Silaturrahim VS Networking
Saya sangat yakin semua pembaca pasti sangat sudah terbiasa mengenal dan paham dengan kata “Silaturrahim” dan pasti sudah sering melakukannya, terutama ketika Hari Raya Lebaran Idul Fitri tiba. Tapi jika mendengar kata “Networking” apa yang Anda pikirkan? Apakah langsung berpikir ke urusan IT dengan pernak pernik perangkat keras dan lunak komputer nya? Atau terbayang ke salah satu istilah dalam konsep bisnis yang mulai masuk di Indonesia di era 90an?
Jujur saja, sampai sekarang apakah Anda suka sedikit “alergi” bila mendengar kata-kata ‘Networking’? hehe..:) Jika iya, tidak apa-apa. Karena saya pun dulu begitu. Baiklah, daripada kita masih belum yakin dalam mendefinisikan makna keduanya secara gamblang dan lebih dalam lagi, mari kita telusuri melalui uraian di bawah ini.
Makna Silaturrahim
Silaturrahim tersusun dari dua kosa kata Arab; shilah yang berarti menyambung dan rahim yang berarti rahim wanita, dan dipakai bahasa kiasan untuk makna hubungan kerabat. Jadi silaturrahim bermakna: menyambung hubungan dengan kerabat. Juga bermakna harfiyah rahim sebagai sifat Allah SWT yang ‘Maha Penyayang’ sehingga silaturrahim memiliki makna juga ‘menjalin hubungan rasa kasih sayang’ dengan sesama antar manusia . Kasih sayang merupakan sifat Allah yang sangat banyak disebutkan dalam al-qur’an. Dengan demikian, kita sebagai manusia yang taat, percaya dan bertaqwa kepada Allah SWT. tentu harus berupaya untuk meneladani sifat keutamaan-NYA tersebut di dalam menjalani kehidupan sehari-hari, karena sesuai janji-Nya, Allah akan menjadikan kasih sayang ada di dalam hati orang-orang beriman dan beramal sholeh.

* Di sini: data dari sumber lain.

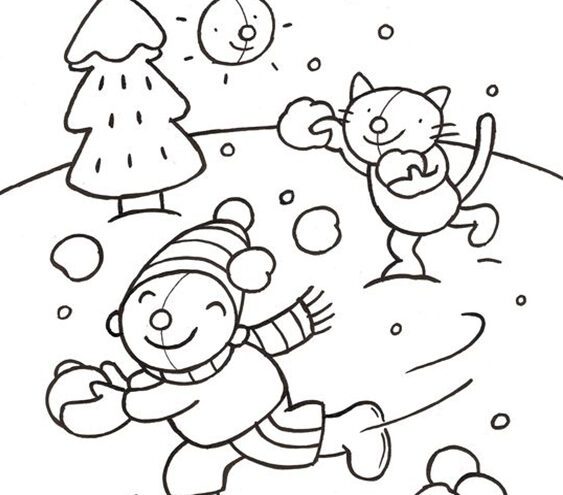 easy winter coloring pages for kids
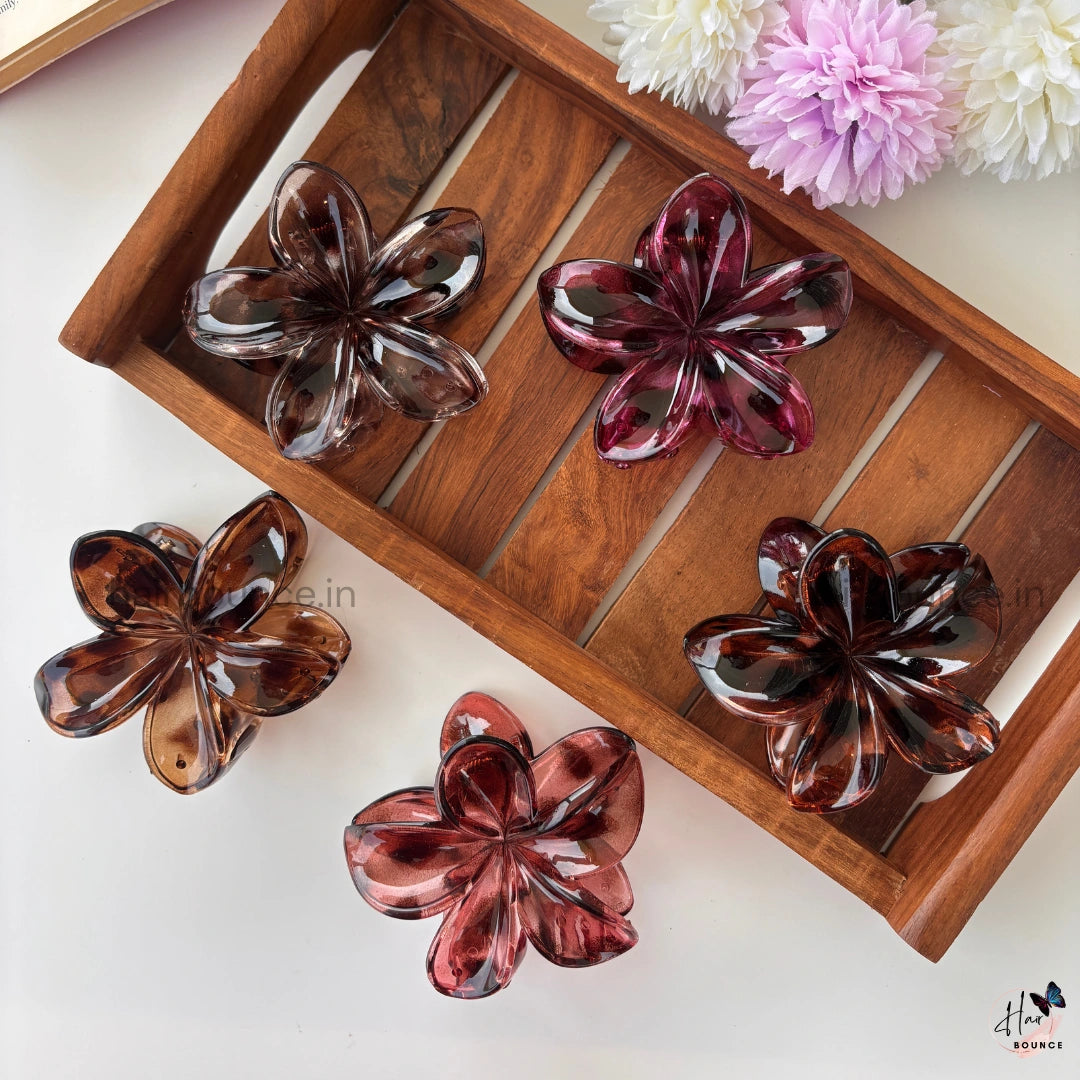 Dark Shade Glassy Flower Hair Claw - Large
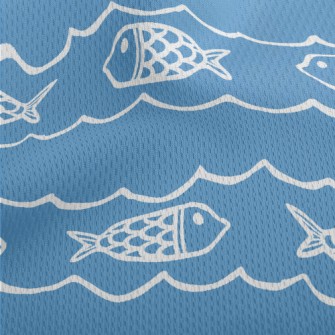 Striped Basket Fish Athletic Mesh Flat Back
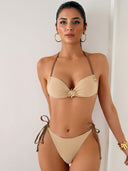 Halter Tie Contrast Trim Triangle Bikini Set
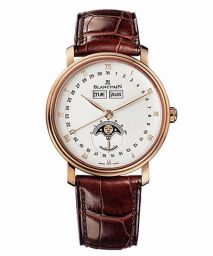 Blancpain Villeret Silver Dial 18kt Rose Gold Brown Leather Men's Watch 6263-3642-55B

Sebagaimana firman-Nya dalam surat Maryam ayat 96 sebagi berikut :
اِنَّ الذِيْن امَنُو وَعَمِلُ الصَّلحَاَتِ سَيَجْعلُ لَهُم الرَّحْمَاُنُ وُدَّ
Artinya : Sesungguhnya orang-orang yang beriman dan beramal sholeh, yang Maha Rahman (Allah SWT) akan mengadakan perasaan kasih sayang bagi sesamanya. (QS. Maryam : 96)

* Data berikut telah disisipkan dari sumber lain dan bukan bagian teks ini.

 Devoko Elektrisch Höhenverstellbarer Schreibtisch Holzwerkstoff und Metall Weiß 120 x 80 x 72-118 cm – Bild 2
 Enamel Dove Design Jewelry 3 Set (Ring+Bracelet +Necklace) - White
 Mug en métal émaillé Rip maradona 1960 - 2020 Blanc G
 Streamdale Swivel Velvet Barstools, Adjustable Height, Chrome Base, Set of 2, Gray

Motivasi untuk bersilaturrahim
Silaturrahim merupakan bagian dari syariat dan bukan sekedar bentuk dari budaya atau adat istiadat. Sangat bervariasi cara agama kita dalam memotivasi umatnya untuk memperhatikan silaturrahim. Terkadang dengan bentuk perintah secara gamblang, janji ganjaran menarik, atau juga dengan cara ancaman bagi mereka yang tidak menjalankannya.
Allah ta’ala memerintahkan berbuat baik pada kaum kerabat,
“وَاعْبُدُواْ اللّهَ وَلاَ تُشْرِكُواْ بِهِ شَيْئاً وَبِالْوَالِدَيْنِ إِحْسَاناً وَبِذِي الْقُرْبَى وَالْيَتَامَى وَالْمَسَاكِينِ وَالْجَارِ ذِي الْقُرْبَى وَالْجَارِ الْجُنُبِ وَالصَّاحِبِ بِالجَنبِ وَابْنِ السَّبِيلِ وَمَا مَلَكَتْ أَيْمَانُكُمْ إِنَّ اللّهَ لاَ يُحِبُّ مَن كَانَ مُخْتَالاً فَخُوراً”.
Artinya: “Sembahlah Allah dan janganlah kalian mempersekutukan-Nya dengan sesuatu apa pun. Serta berbuat baiklah kepada kedua orangtua, karib-kerabat, anak-anak yatim, orang-orang miskin, tetangga dekat dan tetangga jauh, teman, musafir dan hamba sahaya yang kalian miliki. Sungguh Allah tidak menyukai orang yang sombong dan membanggakan diri”. QS. An-Nisa’: 36.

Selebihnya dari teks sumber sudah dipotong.